(WORK TO BE COMPLETED)
Range to copy from the entries below: the line containing "A beautiful shot" through the line containing "Close-up of pink roses on table", inclusive. Retype only those lines, exactly, without any images.

(RECORDS SHOWN)
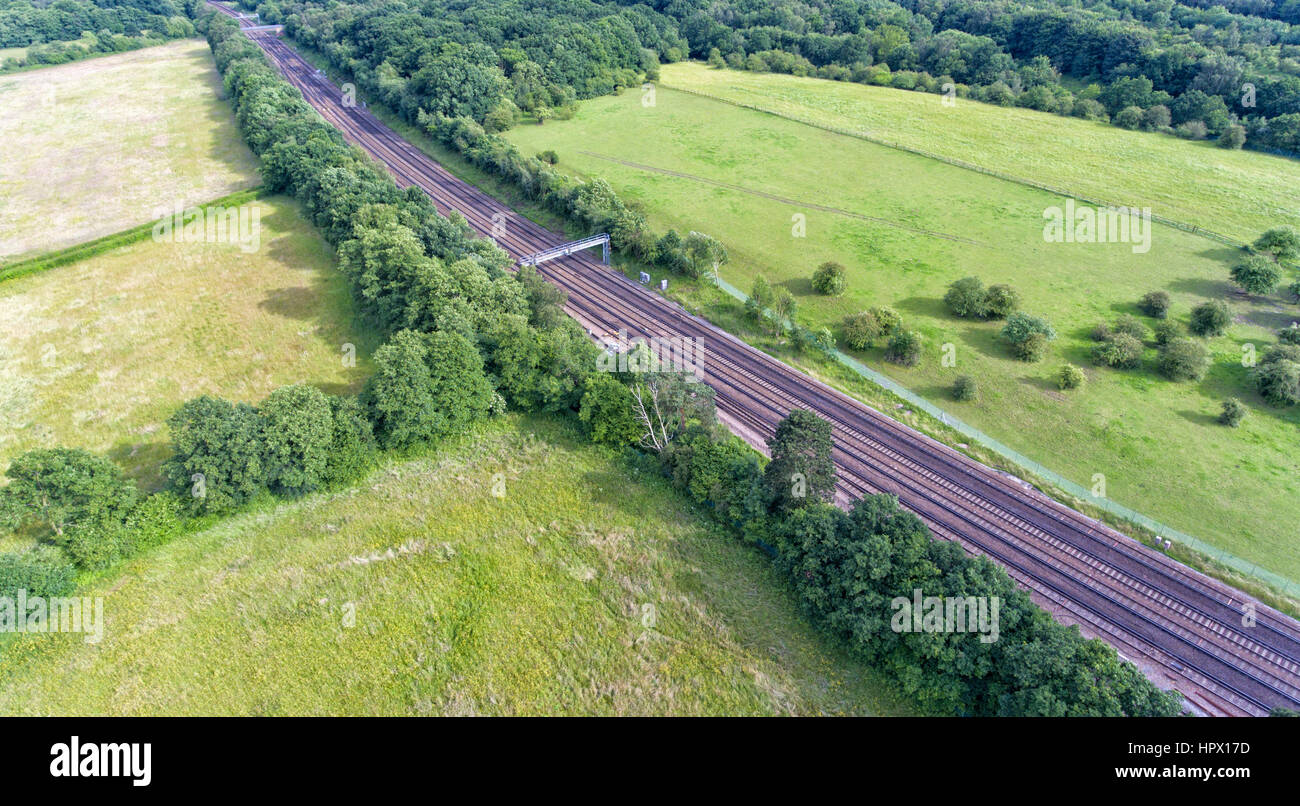 Aerial view of train rail tracks through English, green countryside, on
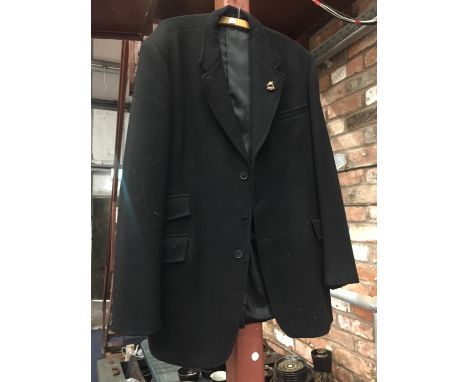 A HUNTING JACKET WITH BRITISH EQUESTRIAN TEAM ENAMEL BADGE 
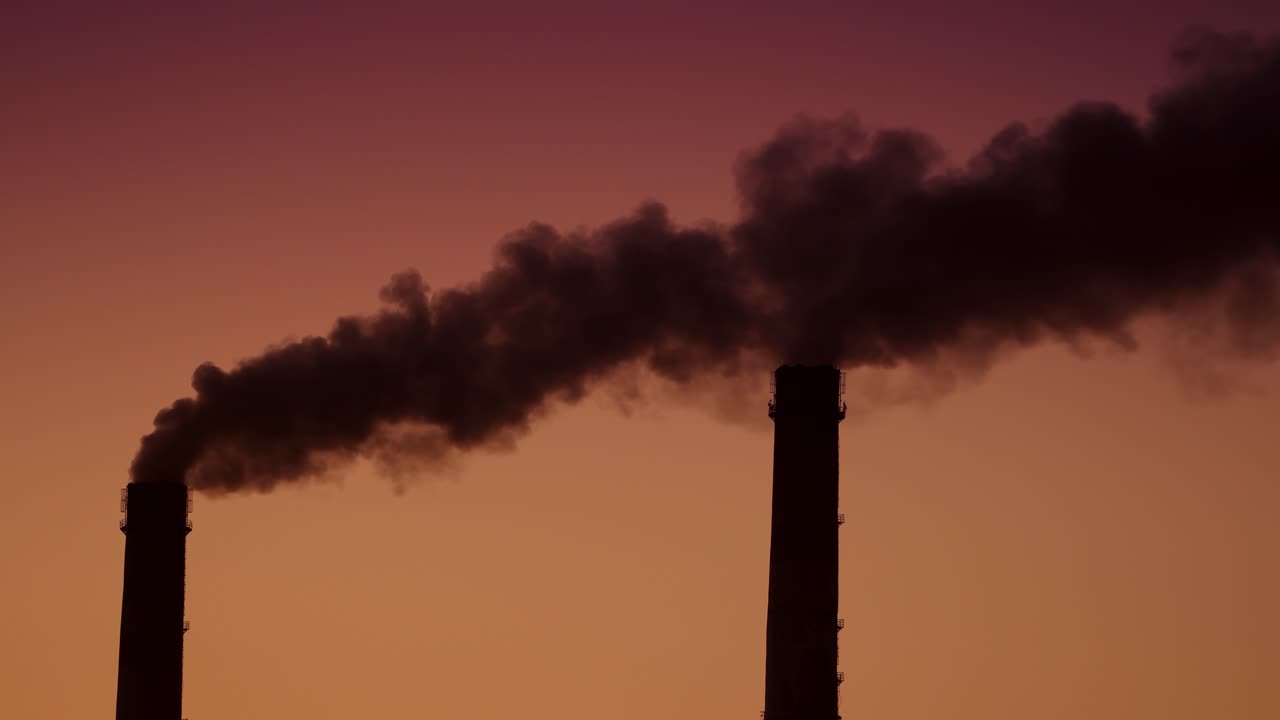 Air pollution by smoke coming out of two factory chimneys. Aerial view.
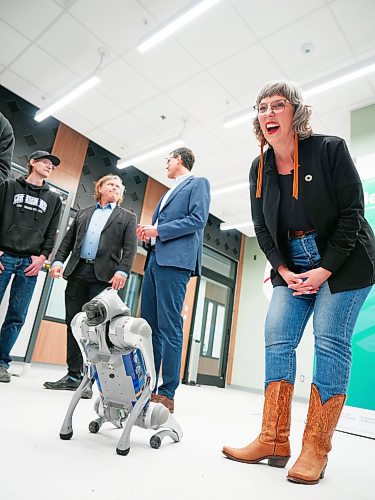 Ginette Lavack, MP for St. Boniface-St.Vital, reacts with delight as robotic dog Otto performs during the PrairiesCan announcement ceremony at Assiniboine College’s North Hill Campus on Thursday. (Weichen Zhang/The Brandon Sun )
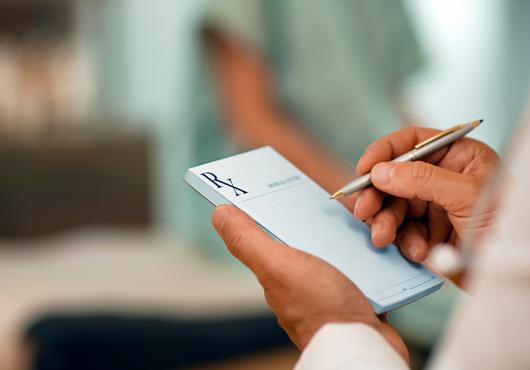 Doctor using a pen to fill out a prescription pad.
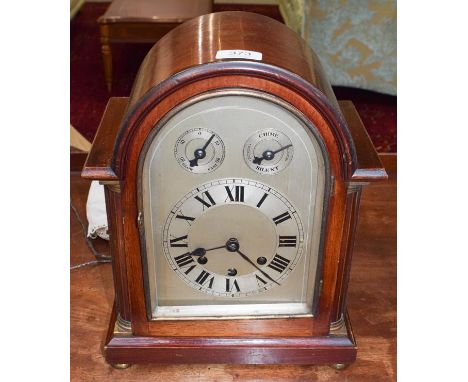 An Edwardian mahogany chiming mantle clock, arched dial with numeral chaptering, two dials for fast/slow and chime/silent sel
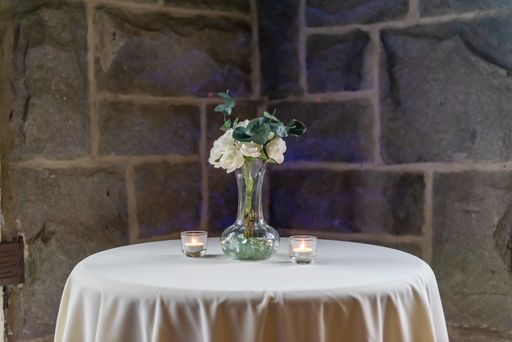 A beautiful shot of a table decorated with candles and white flowers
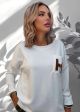 Pulovar ivory cu un buzunar decorativ IT-BL61F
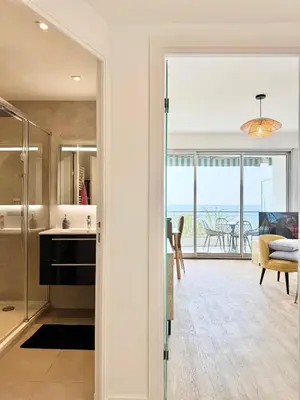 a kitchen and living room with a view of the ocean at Le Milord - Easy Home Booking in Nice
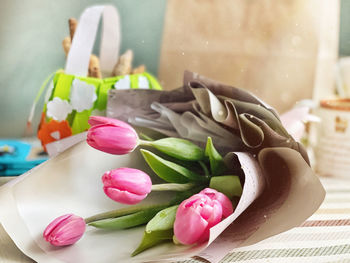 Close-up of pink roses on table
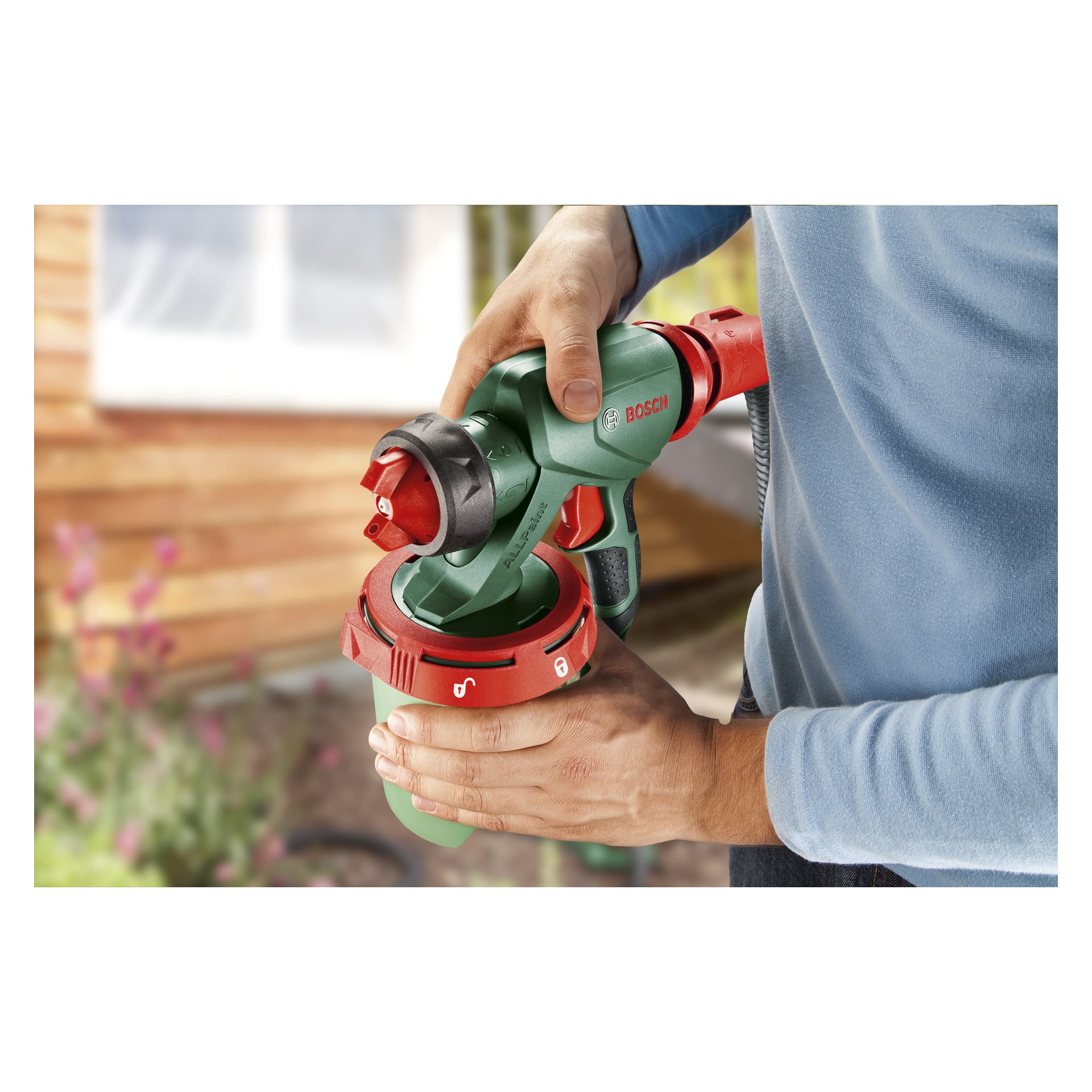Noen i blå skjorte kobler den røde og grønne dysen på en Bosch spraypistol PFS 5000 E til beholderen, mens et uklart hus og en hage dukker opp bak dem.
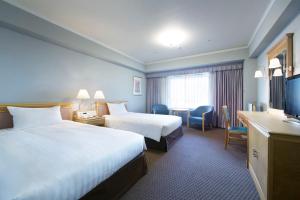 Rúm í herbergi á Hotel Agora Regency Osaka Sakai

(TASK OUTPUT)
 A beautiful shot of a table decorated with candles and white flowers
 Pulovar ivory cu un buzunar decorativ IT-BL61F
 a kitchen and living room with a view of the ocean at Le Milord - Easy Home Booking in Nice
 Close-up of pink roses on table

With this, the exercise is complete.